The demand for novelty, and the reproduction of expensive processes by imitation, were the two main driving forces behind developments in surface decoration and finish. Many old techniques were revived, along with a range of new patented processes, some of which became established while others were unsuccessful.
The most well-known revival and its mechanized equivalent is carving. During the early years of the century the carving trade was in a poor state. With the revival of historical styles and a demand for 'old' pieces, carving was stimulated. However, much of the work for the general taste and fashion was destined to be cut on carving and routing machines. This taste was fuelled by a few schools of carving, developed by the Rogers family in London, Tweedy and Robinson in Tyneside and Kendal and Cooke in Warwick. Most of their work was based on anecdotal scenes, often of great complexity, which remained examples for other makers to copy.
To satisfy the demand for carving, particularly in the Gothic style, machine carving, which had been known to sculptors previously, was applied to architectural woodwork.

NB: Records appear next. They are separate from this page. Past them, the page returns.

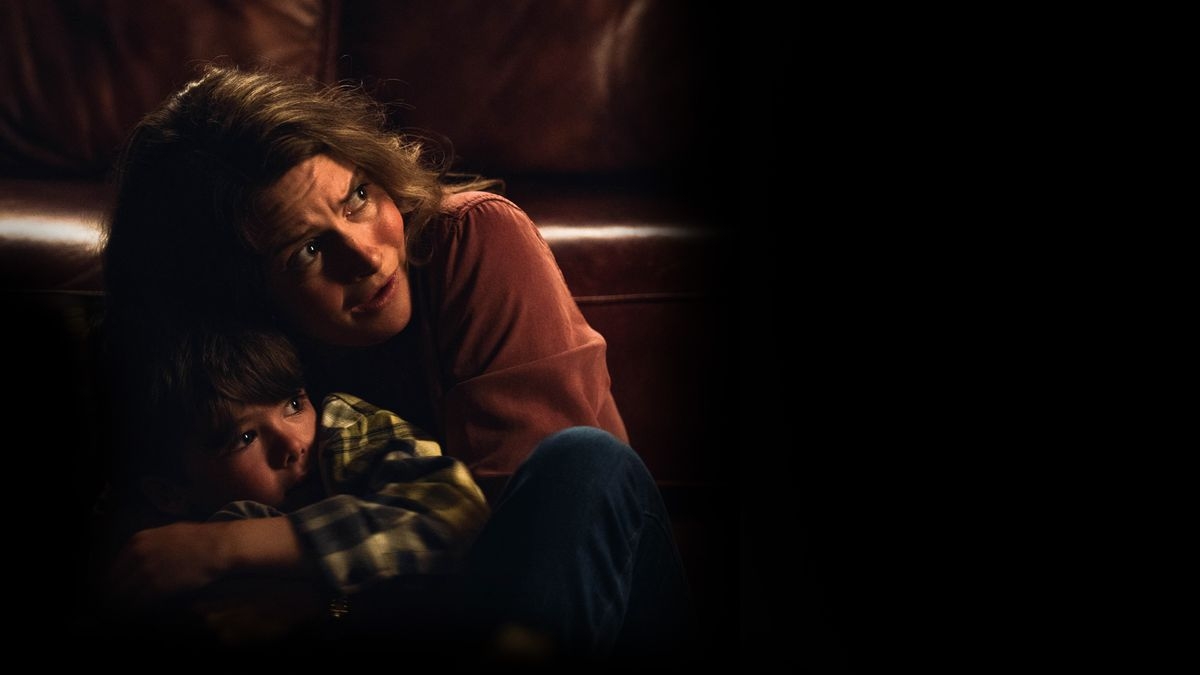 Eli Roth Presents: A Ghost Ruined My Life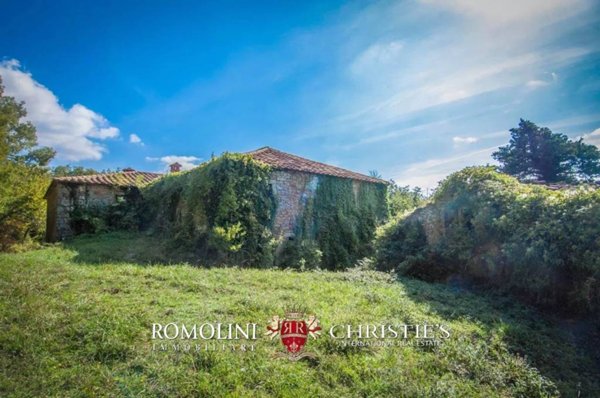 casa indipendente in vendita a Subbiano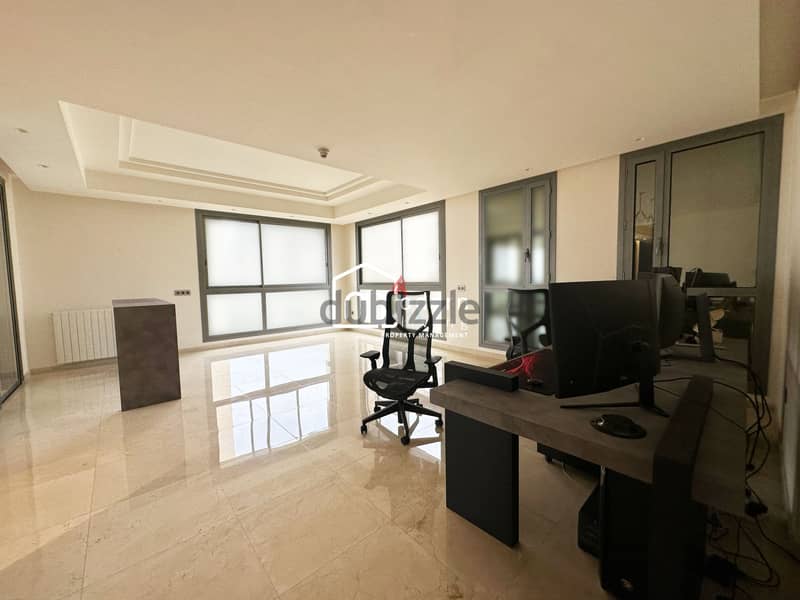 330 Sqm - Apartment For Sale In Waterfront Dbayeh 5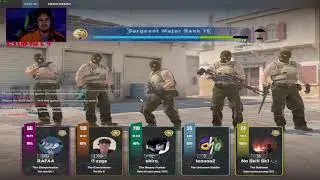 CS 2 SILVER Romania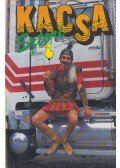 Hadnagy László - A KACSA sztori (dedikált)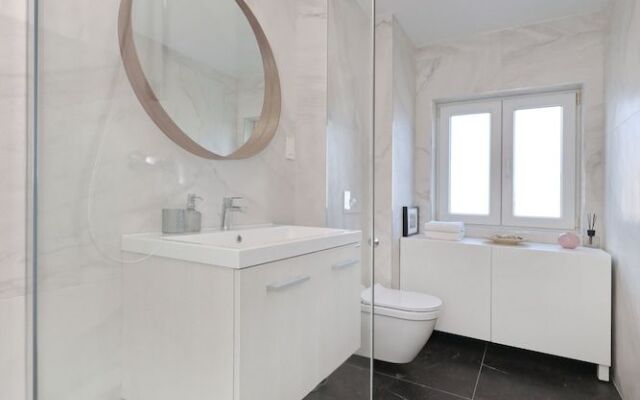 Stunning View Apartment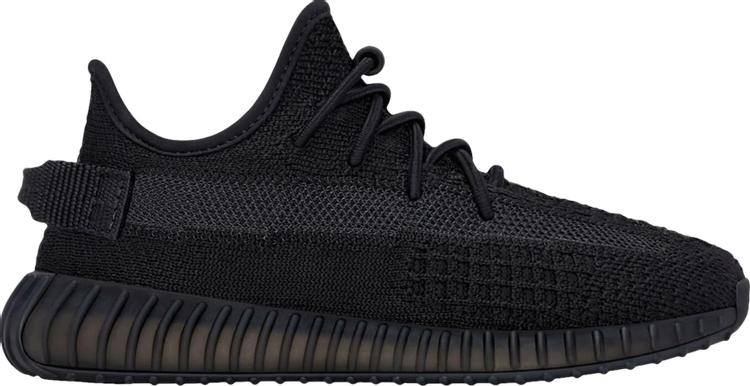 Yeezy Boost 350 V2 Kids Onyx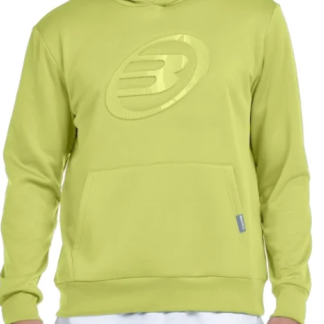Sudadera Bullpadel Gomese Lima 2025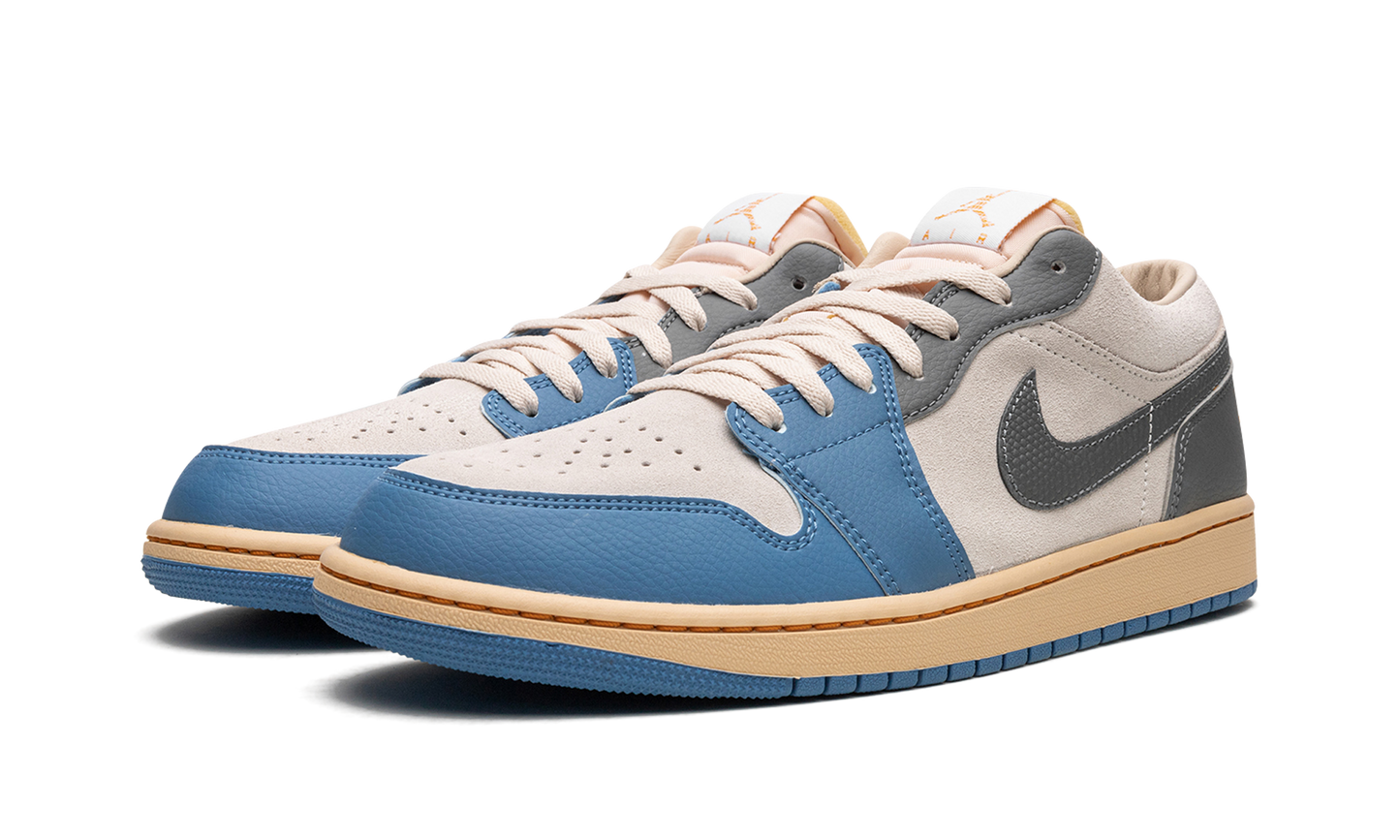 Air Jordan 1 Low SE "Tokyo 96"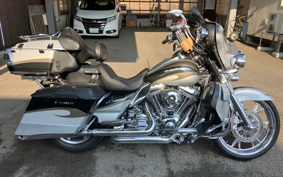 HARLEY HARLEY FLHTCUSE1800CVO 2012 PR8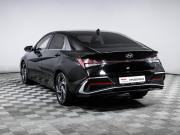 Hyundai Elantra VII (CN7) Рестайлинг Москва  - изображение 25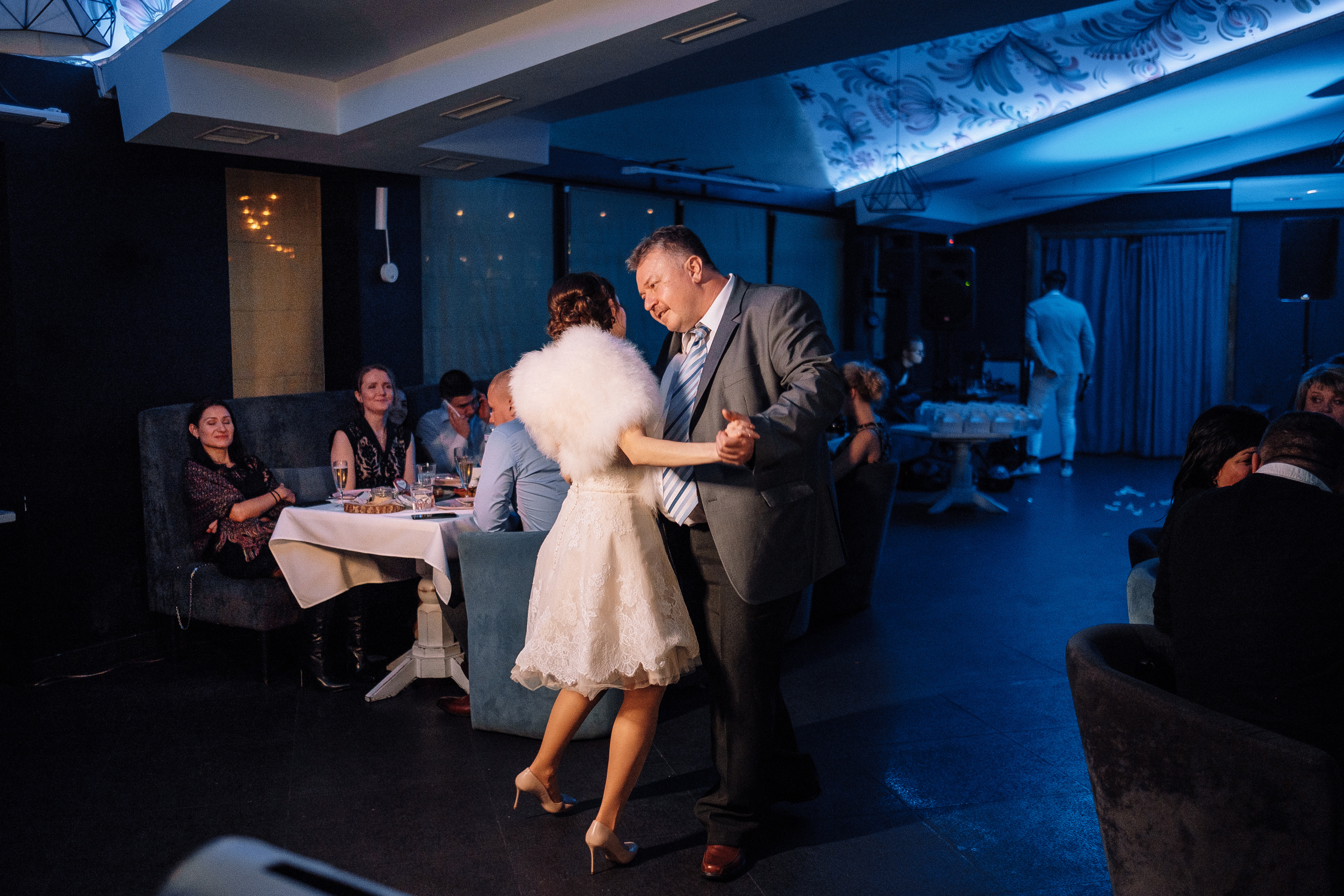 Alexandr+Anastasia 24.11.2019. Ivan Skufinsky — wedding and family photographer in Vancouver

It was soon used to make carvings suitable for furniture. The most successful of three major companies was the Jordan process, which allowed the model to be copied by moving the material towards a fixed cutting tool.
Pyrography, in which wood is charred by heated iron moulds being applied to the surface, was developed with the result that the surface had an 'old' finish built in. Pressure carving or moulding was another technique for imitating the work of the chisel. It was effected by applying moulds, with a design stamped into them, to wood under great pressure. It was especially useful for end-grain medallions. Finally, there was a range of mouldings and applied decoration made from wood waste and other material including colourings and adhesives.
Painting The decoration of furniture by painting is divided between that with painted ornament on a timber ground and that with an all-over painted ground which is then decorated. The latter process was usually confined to cheaper woods and is often called japanning by contemporary writers: a particular type was called pen-work. This was an imitation of etching which was made by first japanning the furniture black and then painting the design in white japan. Following this was the final process of adding line work with Indian ink and a pen.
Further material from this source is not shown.